Now on the other hand, when it comes time to take out your babies to put them in the big tank to grow up (I do mine around 4-6 weeks or as soon as you can see they are growing good) it can be a bit of a hassle trying to net them in such a small area without getting the water all over the place. You usually end up taking everything back out to find them.

On the whole I do like the setup, it is easier to watch for new babies arriving instead of them dissappearing in a big tank and not knowing where they went, or if they survived until they show up as juvies in your tank.

New babies tend to hide for weeks at a time, so don't be surprised if you do have them in a big tank that you haven't seen them for a while....they are hiding until they are big enough to join the adult population.

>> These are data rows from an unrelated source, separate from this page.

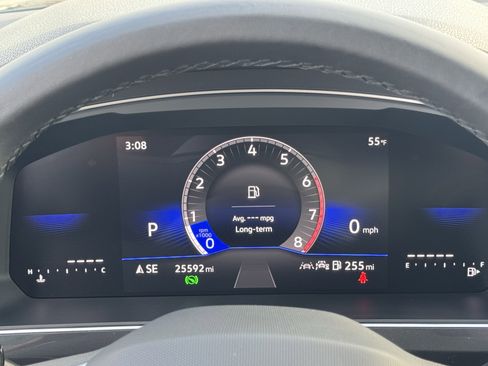 Certified 2024 Volkswagen Tiguan SE R-Line image 23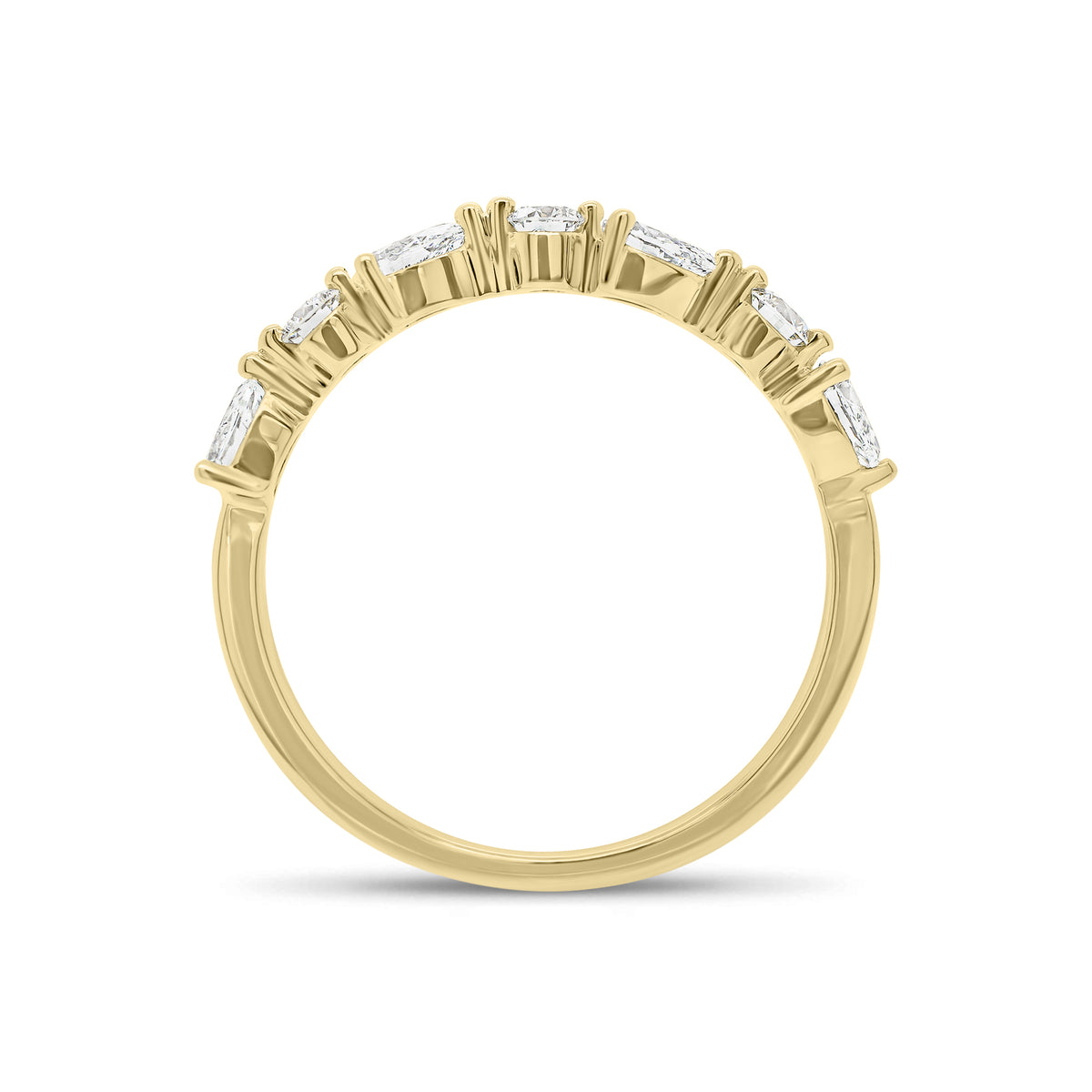 Pear and Round Diamond Wedding Band - 18K gold weighing 1.96 grams  - 4 pear-shaped diamonds weighing 0.40 carats  - 3 round diamonds weighing 0.17 carats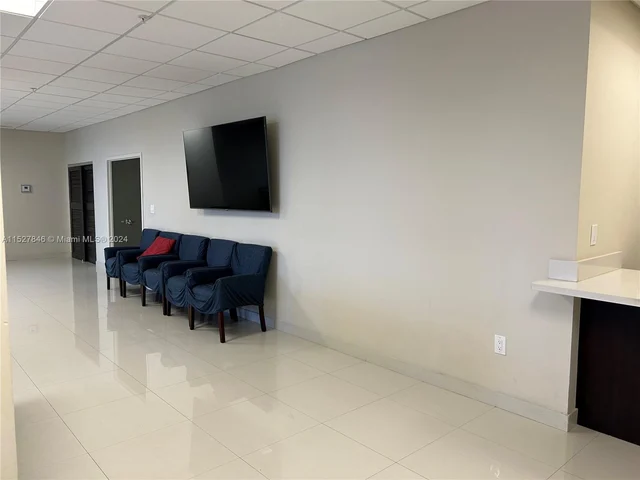 1621 Collins Ave # 405, Miami Beach FL 33139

You may also have die offs in these boxes too, that's just the law of nature, the strongest will survive, and the weak die and become food for the hungry babies. I have had 15 babies born and in 4 weeks only have 8 left, but those 8 are healthy and growing up real well.

In my 2.5 gallon I pulled out approx 30 babies....tibees, mischlings that were born and raised in there.


----------



## Jackson (Jan 30, 2009)

Bump because the site doesn't allow sharing URL with taptalk


----------



## bettaforu (Sep 6, 2009)

just put 3 of my baby BKKs in the main tank yesterday, they are all doing well. Funny thing was the 1 bar bkk was jumping on some of the adults 
the adults just kept backing away or turning around and left the baby alone.

Now they are all just grazing on the substrate/driftwood and seem quite contented.

I am very happy that I kept them in the breeder box to give them a better start in life. They are now big enough to fend for themselves and stay away from the suction of the filter area, no one goes under there, so maybe they learn from watching adults. Tiny babies would NOT and get caught up in the filter.

Im keeping the rest of my BKK/WR babies in the breeder box until they are also big enough to go in the main tank. 

I put the substrate in mine to give the babies a place to hide, and find biofilm off, which is what they need to survive in the first few weeks of life.
Also used the dirty filter floss to keep them well fed. It has worked well for me doing this and I will use the same method again.


----------



## manmadecorals (Jan 17, 2012)

Sweet! Thanks for the bump ups!


----------